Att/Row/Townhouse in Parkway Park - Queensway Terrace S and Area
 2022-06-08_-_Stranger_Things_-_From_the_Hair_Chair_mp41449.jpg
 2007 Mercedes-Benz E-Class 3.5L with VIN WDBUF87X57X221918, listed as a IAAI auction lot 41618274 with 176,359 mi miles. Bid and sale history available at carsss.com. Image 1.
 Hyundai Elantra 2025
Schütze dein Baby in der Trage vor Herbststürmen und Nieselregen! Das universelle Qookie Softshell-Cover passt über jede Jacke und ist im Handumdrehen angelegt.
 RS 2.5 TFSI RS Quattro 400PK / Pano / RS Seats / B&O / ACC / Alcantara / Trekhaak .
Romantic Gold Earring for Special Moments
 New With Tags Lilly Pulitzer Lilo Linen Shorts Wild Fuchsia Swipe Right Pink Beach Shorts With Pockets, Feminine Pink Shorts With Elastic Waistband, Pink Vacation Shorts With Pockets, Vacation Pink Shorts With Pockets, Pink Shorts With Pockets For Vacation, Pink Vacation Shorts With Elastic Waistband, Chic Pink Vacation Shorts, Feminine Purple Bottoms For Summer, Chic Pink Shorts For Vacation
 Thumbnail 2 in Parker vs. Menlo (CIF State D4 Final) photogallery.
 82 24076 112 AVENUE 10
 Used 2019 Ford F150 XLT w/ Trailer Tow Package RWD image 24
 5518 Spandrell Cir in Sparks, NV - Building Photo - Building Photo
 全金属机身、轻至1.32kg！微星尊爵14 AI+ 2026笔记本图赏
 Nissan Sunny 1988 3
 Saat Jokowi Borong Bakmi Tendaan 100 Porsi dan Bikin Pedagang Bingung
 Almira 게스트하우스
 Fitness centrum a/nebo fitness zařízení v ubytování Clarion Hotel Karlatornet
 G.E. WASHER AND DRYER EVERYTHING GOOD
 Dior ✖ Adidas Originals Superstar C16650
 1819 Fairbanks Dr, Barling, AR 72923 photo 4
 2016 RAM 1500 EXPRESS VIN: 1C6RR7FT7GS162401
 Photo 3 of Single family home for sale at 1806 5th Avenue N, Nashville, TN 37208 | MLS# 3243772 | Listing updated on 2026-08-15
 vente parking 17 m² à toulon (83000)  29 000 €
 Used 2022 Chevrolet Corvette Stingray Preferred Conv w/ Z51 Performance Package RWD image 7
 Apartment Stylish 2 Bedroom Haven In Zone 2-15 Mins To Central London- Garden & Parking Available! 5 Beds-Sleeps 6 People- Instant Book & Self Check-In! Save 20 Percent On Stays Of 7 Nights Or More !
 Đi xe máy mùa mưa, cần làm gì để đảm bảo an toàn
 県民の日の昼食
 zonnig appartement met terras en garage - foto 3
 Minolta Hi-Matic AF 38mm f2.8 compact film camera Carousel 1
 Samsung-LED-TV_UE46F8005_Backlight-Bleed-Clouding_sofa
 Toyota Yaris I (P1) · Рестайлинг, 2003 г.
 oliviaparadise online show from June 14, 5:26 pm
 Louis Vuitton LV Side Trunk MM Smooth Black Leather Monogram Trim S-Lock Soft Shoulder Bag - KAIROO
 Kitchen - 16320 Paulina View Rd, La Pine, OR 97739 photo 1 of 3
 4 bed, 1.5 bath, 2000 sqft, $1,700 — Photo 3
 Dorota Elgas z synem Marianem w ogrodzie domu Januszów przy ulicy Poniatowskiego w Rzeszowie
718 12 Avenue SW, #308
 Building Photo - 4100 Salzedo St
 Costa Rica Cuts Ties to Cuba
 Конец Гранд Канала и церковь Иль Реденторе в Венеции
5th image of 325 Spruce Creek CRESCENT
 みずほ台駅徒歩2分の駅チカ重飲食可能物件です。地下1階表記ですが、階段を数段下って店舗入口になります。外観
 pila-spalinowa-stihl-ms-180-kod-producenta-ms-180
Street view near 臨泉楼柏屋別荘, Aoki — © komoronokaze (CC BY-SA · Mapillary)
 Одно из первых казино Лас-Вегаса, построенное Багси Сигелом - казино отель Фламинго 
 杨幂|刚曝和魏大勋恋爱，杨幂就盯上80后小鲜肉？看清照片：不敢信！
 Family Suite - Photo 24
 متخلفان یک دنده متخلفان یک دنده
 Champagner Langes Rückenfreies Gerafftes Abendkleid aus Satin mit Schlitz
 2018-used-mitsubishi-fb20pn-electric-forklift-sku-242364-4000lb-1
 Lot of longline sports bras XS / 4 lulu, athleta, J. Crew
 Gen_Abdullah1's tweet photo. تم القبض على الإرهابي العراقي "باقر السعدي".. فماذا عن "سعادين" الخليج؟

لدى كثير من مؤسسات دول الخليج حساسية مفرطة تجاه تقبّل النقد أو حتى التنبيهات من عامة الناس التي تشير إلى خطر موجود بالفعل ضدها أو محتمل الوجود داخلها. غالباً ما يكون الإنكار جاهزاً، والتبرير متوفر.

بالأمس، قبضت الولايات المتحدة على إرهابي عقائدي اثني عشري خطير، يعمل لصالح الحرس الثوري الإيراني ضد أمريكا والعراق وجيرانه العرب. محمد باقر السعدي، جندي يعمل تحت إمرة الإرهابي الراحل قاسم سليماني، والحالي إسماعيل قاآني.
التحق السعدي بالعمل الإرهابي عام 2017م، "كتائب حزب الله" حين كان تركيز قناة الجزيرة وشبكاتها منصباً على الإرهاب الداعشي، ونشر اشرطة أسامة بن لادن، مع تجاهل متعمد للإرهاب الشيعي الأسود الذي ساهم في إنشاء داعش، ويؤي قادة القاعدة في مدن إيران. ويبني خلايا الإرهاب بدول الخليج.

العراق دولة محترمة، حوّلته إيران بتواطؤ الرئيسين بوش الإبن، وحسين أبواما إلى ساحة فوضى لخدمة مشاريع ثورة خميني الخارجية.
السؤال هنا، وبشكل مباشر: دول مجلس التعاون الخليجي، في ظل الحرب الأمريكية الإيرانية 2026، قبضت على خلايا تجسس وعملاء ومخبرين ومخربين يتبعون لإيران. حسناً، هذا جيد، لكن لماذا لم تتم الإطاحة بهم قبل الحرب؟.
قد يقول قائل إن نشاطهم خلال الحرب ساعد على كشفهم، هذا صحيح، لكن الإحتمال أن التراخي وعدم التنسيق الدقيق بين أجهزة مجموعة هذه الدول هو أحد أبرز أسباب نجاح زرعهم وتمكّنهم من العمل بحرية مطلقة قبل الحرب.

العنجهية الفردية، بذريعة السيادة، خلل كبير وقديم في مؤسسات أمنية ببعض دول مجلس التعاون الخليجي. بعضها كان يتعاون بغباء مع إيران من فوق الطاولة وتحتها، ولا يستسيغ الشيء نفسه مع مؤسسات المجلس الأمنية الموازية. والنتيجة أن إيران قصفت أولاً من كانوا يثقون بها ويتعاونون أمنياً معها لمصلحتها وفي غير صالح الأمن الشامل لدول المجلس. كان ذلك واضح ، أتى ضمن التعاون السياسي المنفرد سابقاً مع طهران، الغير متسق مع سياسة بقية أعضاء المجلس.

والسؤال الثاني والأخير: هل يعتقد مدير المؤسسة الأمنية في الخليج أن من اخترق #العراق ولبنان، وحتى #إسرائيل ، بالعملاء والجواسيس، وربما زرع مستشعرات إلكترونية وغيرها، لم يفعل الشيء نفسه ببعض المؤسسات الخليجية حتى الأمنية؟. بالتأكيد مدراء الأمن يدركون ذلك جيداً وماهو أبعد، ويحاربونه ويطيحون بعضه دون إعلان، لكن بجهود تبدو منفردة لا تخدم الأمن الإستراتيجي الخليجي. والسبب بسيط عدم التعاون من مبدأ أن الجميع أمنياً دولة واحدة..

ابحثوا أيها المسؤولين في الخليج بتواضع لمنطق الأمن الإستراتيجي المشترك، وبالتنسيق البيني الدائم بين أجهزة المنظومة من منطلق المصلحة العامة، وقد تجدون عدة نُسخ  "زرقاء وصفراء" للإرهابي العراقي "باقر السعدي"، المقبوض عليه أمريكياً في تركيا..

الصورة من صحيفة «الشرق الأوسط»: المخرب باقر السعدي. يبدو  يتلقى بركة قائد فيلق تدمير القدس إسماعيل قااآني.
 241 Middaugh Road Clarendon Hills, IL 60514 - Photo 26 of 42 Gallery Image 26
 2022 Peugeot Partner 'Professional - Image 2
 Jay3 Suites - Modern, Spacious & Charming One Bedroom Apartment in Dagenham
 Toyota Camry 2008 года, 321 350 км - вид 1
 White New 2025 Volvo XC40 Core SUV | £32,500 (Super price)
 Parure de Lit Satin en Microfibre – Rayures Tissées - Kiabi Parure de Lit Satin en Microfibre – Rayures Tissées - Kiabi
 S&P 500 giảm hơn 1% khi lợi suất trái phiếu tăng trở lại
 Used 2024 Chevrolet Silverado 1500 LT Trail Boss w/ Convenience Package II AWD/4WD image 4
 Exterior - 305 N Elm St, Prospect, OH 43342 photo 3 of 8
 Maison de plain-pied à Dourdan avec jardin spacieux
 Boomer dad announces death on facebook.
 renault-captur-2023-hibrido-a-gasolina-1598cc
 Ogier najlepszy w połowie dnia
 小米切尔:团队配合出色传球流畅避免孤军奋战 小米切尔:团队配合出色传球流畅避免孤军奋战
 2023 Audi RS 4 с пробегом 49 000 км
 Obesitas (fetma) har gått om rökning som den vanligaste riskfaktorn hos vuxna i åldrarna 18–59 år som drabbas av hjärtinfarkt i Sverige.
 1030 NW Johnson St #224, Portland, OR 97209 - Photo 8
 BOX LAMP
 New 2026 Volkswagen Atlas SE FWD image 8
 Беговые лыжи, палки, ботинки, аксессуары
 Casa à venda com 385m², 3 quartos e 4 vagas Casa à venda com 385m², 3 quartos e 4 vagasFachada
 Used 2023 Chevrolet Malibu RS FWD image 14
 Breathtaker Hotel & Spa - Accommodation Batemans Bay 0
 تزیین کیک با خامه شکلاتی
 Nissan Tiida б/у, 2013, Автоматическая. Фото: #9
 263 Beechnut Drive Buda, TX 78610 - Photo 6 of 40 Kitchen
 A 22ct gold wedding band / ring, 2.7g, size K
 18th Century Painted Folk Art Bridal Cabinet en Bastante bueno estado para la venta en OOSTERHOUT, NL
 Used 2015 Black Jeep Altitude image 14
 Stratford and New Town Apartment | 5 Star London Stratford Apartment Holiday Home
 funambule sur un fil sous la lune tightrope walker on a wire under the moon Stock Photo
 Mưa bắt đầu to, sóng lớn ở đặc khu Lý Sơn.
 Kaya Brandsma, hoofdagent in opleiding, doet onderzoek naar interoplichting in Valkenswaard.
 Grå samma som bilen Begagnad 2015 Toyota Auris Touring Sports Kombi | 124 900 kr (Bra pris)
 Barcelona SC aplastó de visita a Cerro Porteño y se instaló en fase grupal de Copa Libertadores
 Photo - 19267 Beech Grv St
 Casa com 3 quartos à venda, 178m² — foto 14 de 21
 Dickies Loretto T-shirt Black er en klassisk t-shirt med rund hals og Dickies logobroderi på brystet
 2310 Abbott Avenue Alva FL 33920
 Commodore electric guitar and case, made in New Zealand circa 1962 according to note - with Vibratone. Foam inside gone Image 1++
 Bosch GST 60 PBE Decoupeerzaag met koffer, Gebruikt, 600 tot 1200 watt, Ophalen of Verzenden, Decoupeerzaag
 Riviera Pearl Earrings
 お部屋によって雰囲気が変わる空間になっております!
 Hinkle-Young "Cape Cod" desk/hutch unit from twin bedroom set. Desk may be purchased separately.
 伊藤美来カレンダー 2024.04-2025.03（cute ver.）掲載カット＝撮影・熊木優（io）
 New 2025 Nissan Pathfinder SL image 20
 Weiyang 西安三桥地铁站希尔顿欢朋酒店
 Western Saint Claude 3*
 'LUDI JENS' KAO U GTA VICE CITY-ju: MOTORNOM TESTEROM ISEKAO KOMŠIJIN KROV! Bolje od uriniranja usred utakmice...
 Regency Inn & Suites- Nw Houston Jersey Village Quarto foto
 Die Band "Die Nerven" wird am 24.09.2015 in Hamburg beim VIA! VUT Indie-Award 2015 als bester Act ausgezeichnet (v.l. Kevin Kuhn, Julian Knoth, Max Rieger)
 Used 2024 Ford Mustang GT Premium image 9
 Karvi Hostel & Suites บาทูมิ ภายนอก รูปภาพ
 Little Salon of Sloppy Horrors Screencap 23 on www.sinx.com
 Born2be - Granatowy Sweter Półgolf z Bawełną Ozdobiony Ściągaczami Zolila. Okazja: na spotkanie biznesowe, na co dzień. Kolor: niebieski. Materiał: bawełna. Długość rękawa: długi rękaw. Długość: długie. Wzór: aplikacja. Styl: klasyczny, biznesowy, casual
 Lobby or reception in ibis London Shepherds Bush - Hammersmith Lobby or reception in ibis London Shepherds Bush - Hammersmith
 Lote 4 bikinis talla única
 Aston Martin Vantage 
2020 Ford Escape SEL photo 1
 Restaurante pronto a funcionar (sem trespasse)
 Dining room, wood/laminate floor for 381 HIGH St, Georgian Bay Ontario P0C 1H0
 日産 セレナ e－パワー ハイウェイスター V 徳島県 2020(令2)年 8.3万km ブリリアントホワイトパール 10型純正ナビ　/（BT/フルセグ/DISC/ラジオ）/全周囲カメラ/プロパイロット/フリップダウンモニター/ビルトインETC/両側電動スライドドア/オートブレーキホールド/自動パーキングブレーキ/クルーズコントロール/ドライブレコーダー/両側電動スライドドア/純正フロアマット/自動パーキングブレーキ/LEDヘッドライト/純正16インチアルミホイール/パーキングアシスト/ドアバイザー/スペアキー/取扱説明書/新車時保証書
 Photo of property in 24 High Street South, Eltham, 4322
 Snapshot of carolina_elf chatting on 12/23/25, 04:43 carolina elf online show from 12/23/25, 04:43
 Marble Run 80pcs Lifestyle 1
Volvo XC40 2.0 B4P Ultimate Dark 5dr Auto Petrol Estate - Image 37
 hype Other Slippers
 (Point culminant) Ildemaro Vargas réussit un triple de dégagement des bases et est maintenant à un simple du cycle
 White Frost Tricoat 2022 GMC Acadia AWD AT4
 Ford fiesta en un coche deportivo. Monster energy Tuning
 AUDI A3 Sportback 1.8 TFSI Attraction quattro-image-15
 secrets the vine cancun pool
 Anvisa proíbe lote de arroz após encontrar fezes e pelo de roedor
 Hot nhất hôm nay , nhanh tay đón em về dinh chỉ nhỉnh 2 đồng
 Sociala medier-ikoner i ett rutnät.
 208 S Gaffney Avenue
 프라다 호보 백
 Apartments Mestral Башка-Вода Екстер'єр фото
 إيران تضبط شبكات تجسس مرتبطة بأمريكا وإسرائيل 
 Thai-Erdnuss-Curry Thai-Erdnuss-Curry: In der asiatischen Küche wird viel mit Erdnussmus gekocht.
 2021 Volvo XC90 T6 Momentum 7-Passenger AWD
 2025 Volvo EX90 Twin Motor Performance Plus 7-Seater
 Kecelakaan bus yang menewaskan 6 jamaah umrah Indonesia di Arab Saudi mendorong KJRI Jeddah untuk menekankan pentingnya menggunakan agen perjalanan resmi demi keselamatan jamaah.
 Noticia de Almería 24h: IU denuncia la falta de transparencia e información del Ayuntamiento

================

• Task objective: Go through the entries above and tally each line that has the word "الإستراتيجي"; reply with the tally and nothing else.

• Problem solution: 2